In their letter to Mr Yousaf, the historians ask the First Minister to “express support” for the call to repatriate the money to Jamaica, to do all that is within the power of the Scottish Government to bring this about, and to engage with campaigners in Jamaica, and the wider Caribbean, in discussions on reparations for colonial slavery and its legacies.
They added that despite the likes of Aberdeen University and Moray Council severing their ties, the “secretive” trust “continues and makes no attempt to redirect the benefit from these funds to Jamaica”.
"As First Minister you have, appropriately, expressed views on a number of matters which are outwith the powers of the Scottish Government – we ask that you do the same in this matter,” they said.
The anonymous trustees have rarely spoken publicly about the origins of the money, or what they plan to do with it.

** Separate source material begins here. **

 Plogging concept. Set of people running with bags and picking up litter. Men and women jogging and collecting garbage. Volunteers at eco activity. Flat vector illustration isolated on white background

They did not respond to a request for comment from The Scotsman.
Aberdeenshire councillor Isobel Davidson previously served as a governor of the trust, but stood down in 2022, saying it was time for a review into its future.
She suggested the trustees had "decided to maintain the Dick Bequest" following the revelations about its origins, that the trustees did not all accept the money had been derived from the slave trade, and that some governors had been concerned about the cost of attempting to change its use.
Councillor Davidson was torn over the future of the money, highlighting it had done a "massive amount of good" for the north-east over the years, and could be used to educate younger generations on Scotland’s links to slavery.
"I think it's very difficult to know what is best,” she said. “We need to recognise what we've done and educate, that's the most important thing, so we don't behave like that in the future. I think that is a better use – to improve our understanding of our history in the north-east of Scotland.”
A Scottish Government spokesperson said: “We must never ignore the difficult aspects of our country’s history, including our involvement in the slave trade.
"The Scottish Government has recently accepted recommendations from the Empire, Slavery and Scotland’s Museums’ steering group. This includes building on the support from our museums and galleries in promoting and embedding anti-racism in the curriculum in a meaningful, effective and sustainable way.
“Ministers do not have the legal power to direct charitable activity. That is a decision for individual charity trustees – as has been made clear by the Office of the Scottish Charity Regulator.”